### WORK TASK
Of all the lines below, output only those starting at the one with "Deluxe King Room photo 2" and ending at the one with "غرفة قياسية سرير", both ends included, exactly as written.

### GIVEN DATA
....

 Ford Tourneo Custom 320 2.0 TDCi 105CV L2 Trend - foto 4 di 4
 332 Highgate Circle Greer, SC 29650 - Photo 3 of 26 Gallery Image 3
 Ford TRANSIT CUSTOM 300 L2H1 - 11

....

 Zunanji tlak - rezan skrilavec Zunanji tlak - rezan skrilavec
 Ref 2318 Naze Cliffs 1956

....

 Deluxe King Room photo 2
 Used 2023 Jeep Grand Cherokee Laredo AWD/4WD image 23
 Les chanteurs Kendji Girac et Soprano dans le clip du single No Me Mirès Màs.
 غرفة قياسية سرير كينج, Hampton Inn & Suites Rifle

....

### RESPONSE TO THIS EXERCISE
 Deluxe King Room photo 2
 Used 2023 Jeep Grand Cherokee Laredo AWD/4WD image 23
 Les chanteurs Kendji Girac et Soprano dans le clip du single No Me Mirès Màs.
 غرفة قياسية سرير كينج, Hampton Inn & Suites Rifle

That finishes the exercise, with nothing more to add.